Note: The official Philippine data showed imports of $22.5 billion CIF, and Philippine exports of $8.4 billion FOB, for a deficit of $14.1 billion. In principle, Philippine imports should be higher at CIF basis as these left the five countries at $23.4 billion. About five percent can be added to reach $24.5 billion. This brings trade deficit to about $16.1 billion.

With respect to agri export, all the five countries exported $3.8 billion while importing only $0.6 billion, giving a lopsided surplus of $3.2 billion. Note: Official data showed Philippine imports from the five countries at only $3.4 billion CIF and exports of $0.5 billion FOB for a trade deficit of $2.8 billion. Using Asean exports to the Philippines at CIF basis, imports would reach $4.0 billion, or a trade deficit of $3.5 billion.
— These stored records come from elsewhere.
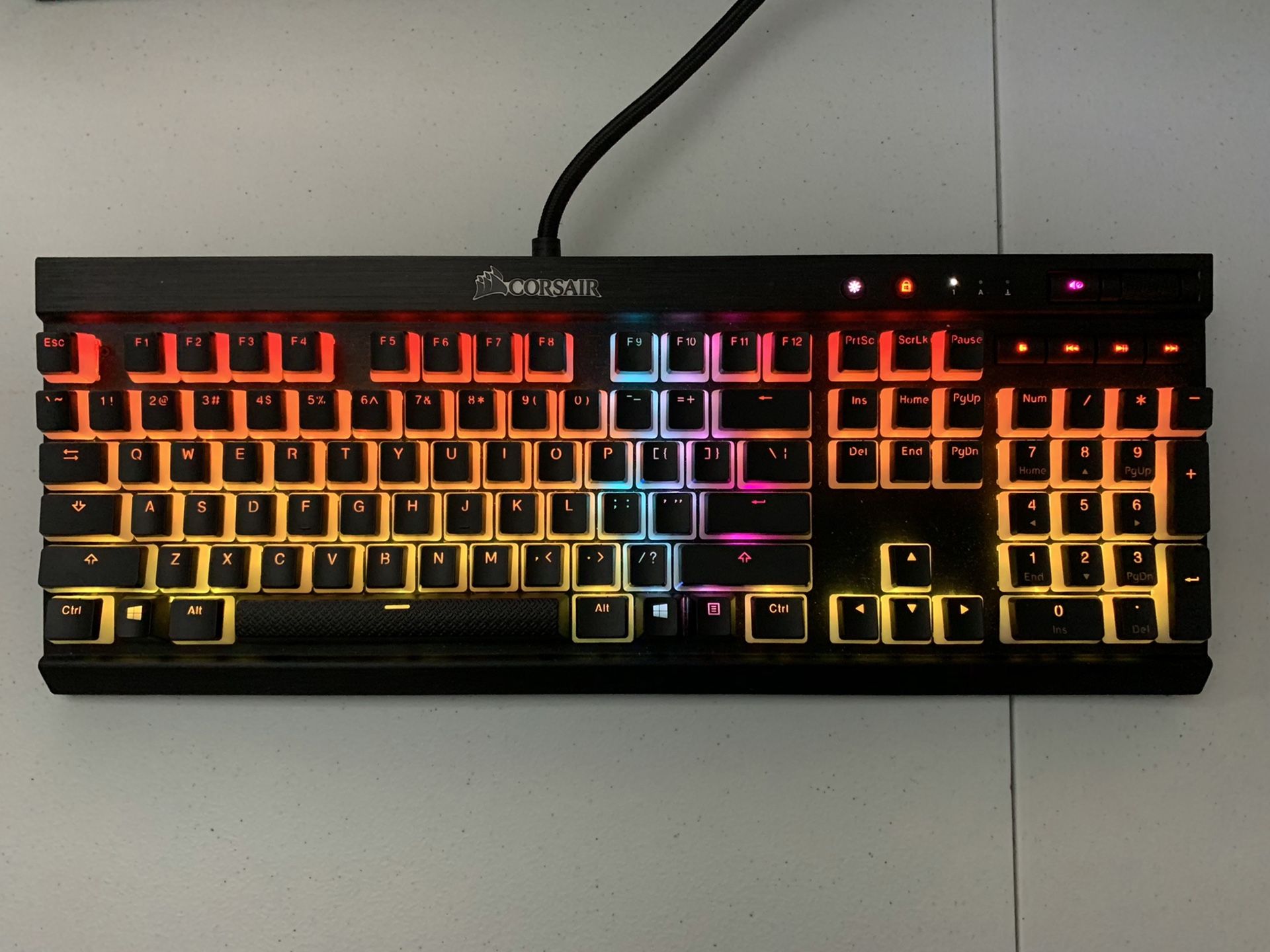 Corsair K70 LUX RGB (MX Cherry Brown)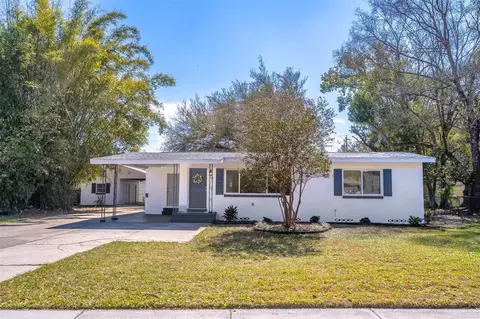 827 Rosalia Dr, Sanford, FL 32771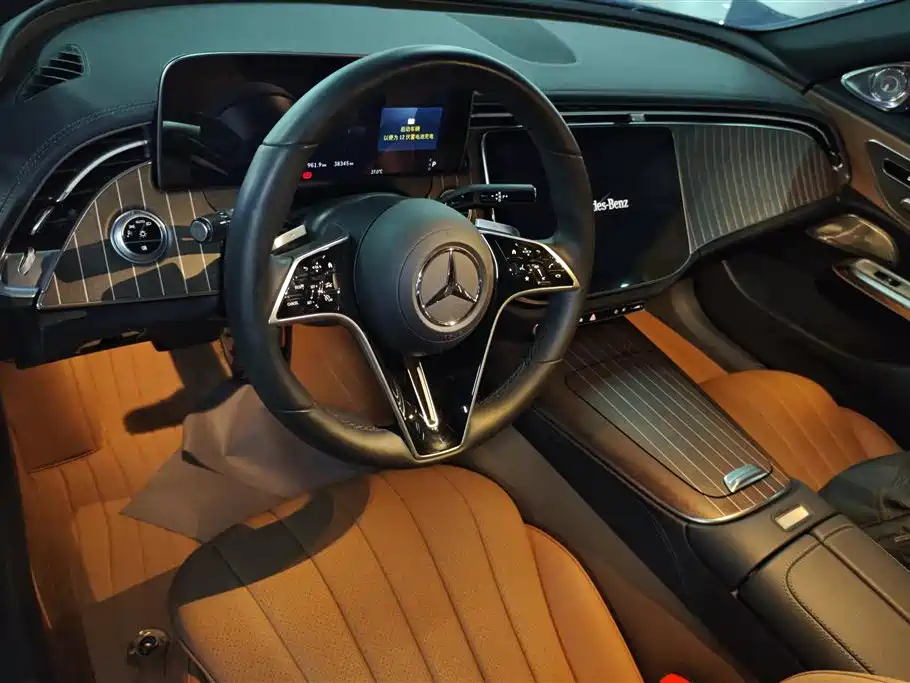 Mercedes-Benz E-Class 2024 — фото 12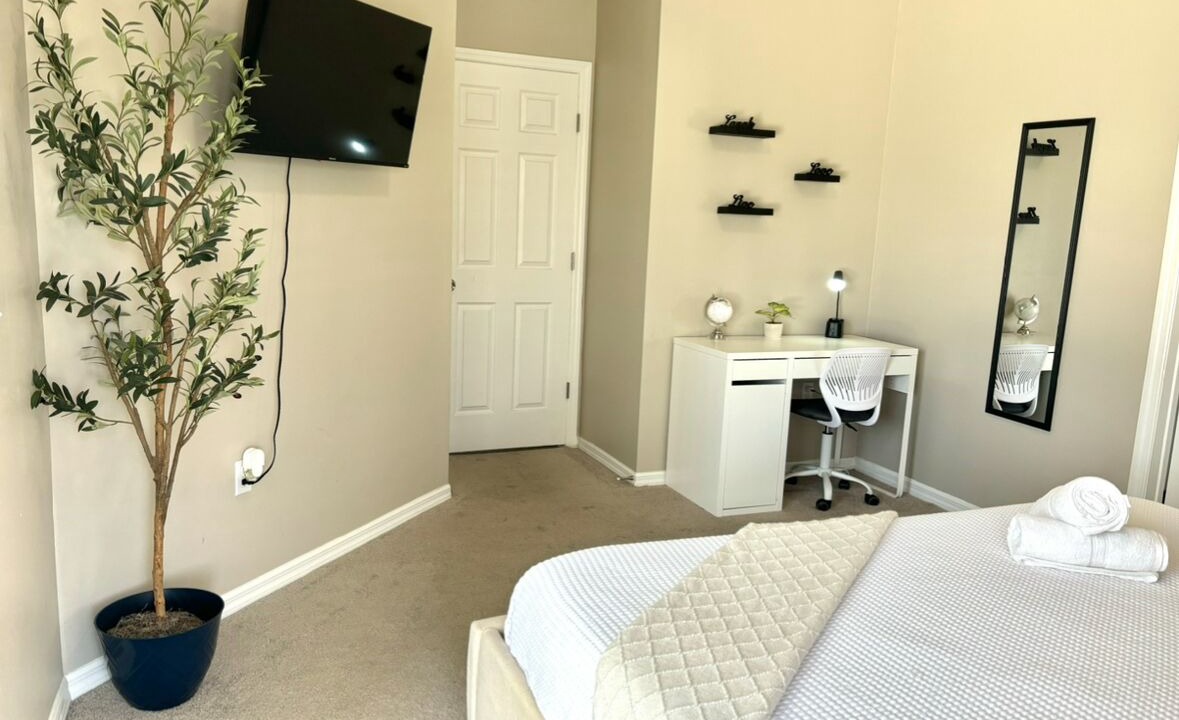 Photo of Bedroom in Crescent Lakes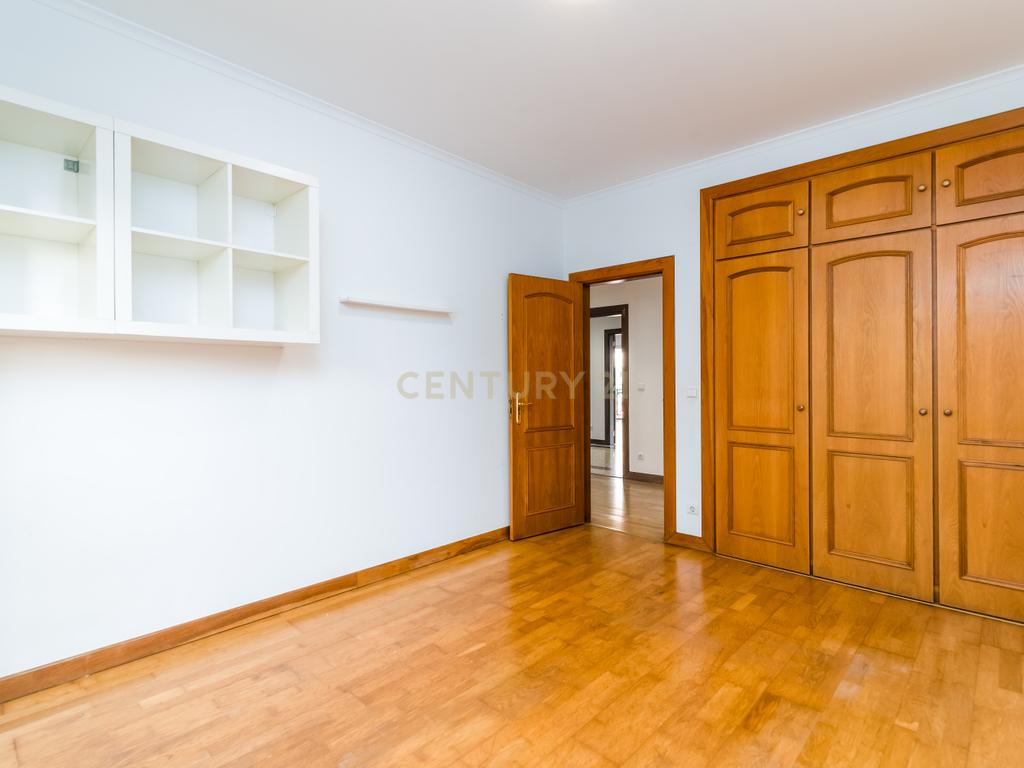 Apartamento T4 | Quinta Da Beloura - Image 29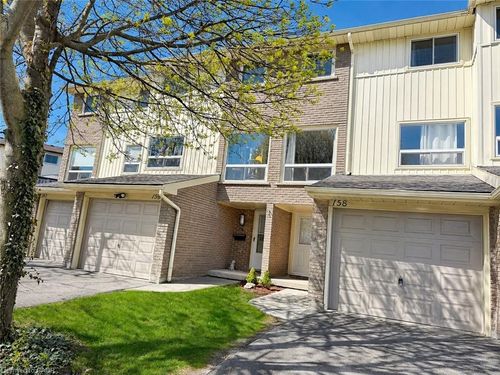 158-11 Queenslea Drive, Hamilton, ON, L8W1T7 | Card Image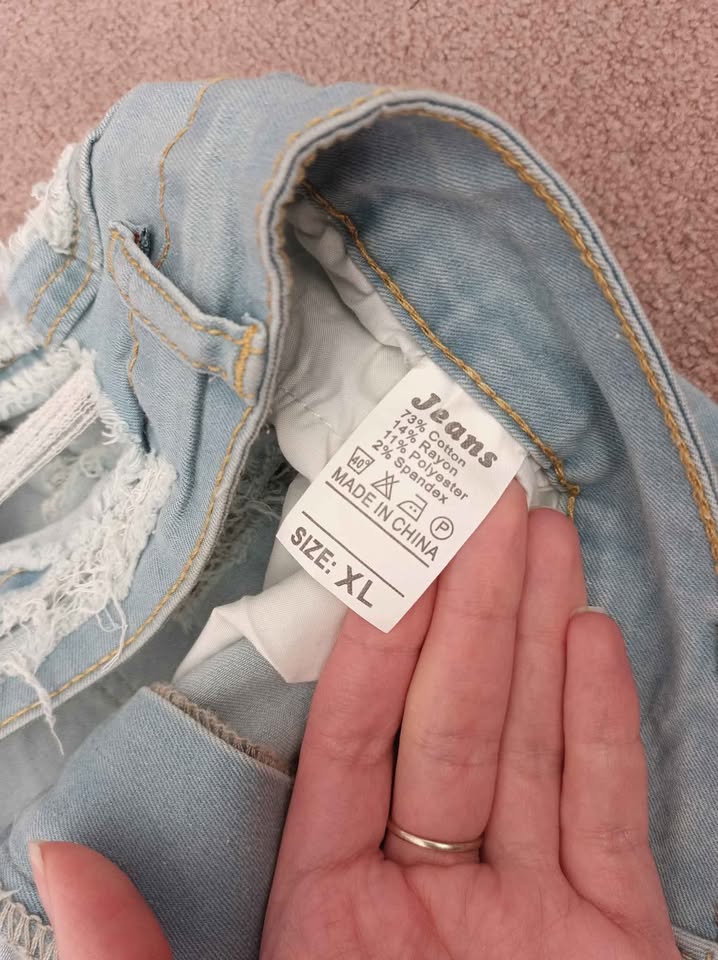 ripped shorts - photo 4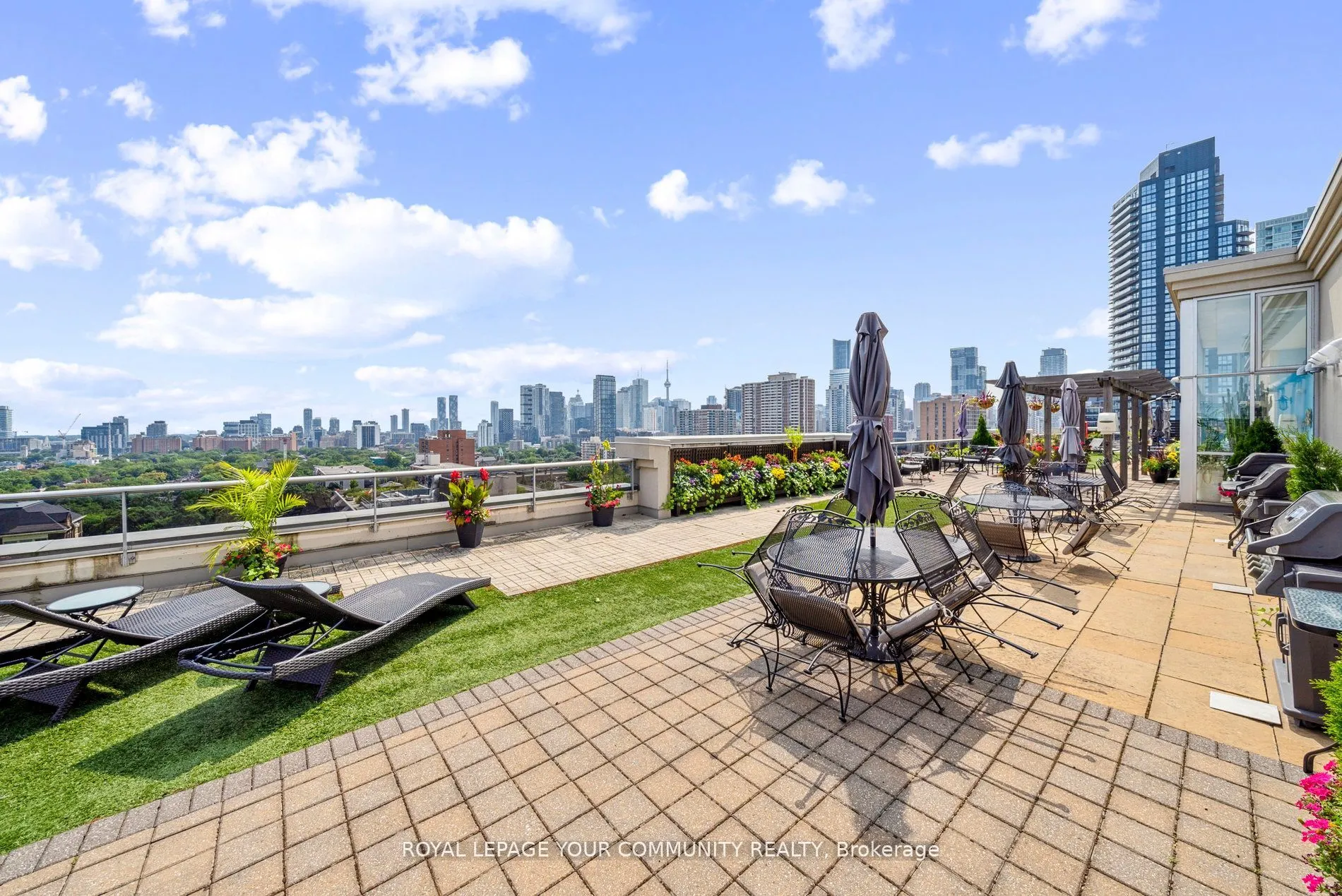 225 Wellesley Street E #407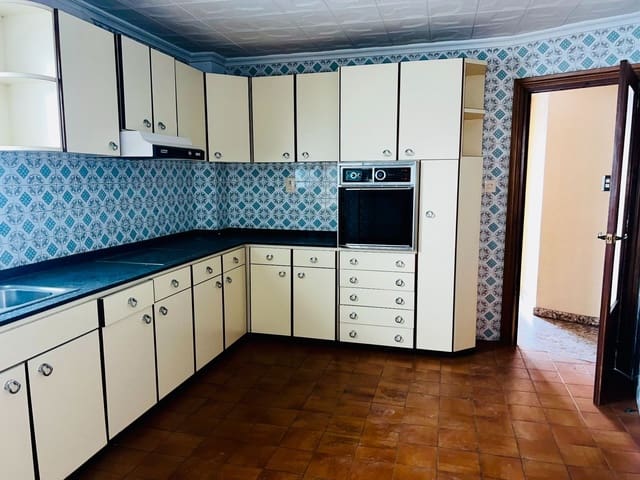 4 bedroom Flat for sale in Biar - € 130,000 (Ref: 8373103)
On the non-agri side, although not the focus of this article, the five countries exported $15.2 billion and imported $10.1 billion, for a surplus of $9.5 billion.

In both categories, the five countries posted surpluses.

ASEAN-Philippines Trade, 2016
US$ million
Exports to the Philippines Imports from the Philippines Surplus
(Deficit)
Agri Export 3,821 597 3,224
Non-Agri Export 19,615 10,141 9,474
All Exports 23,436 10,738 12,698
(a) Vietnam: 2015 data
Source: UN Trademap, UA&P Analytics

Indonesia-Philippines trade

In 2016, Indonesia exported $900 million worth of agri goods and imported a measly $7.3 million. Miscellaneous food preparations consisted the largest exports ($348 million), principally coffee extracts in sachets, e.g. Kopiko. Next were palm oil ($274 million), sugar confectionery like molasses and candies ($54 million), cereal preparation ($51 million), and beverages ($48 million).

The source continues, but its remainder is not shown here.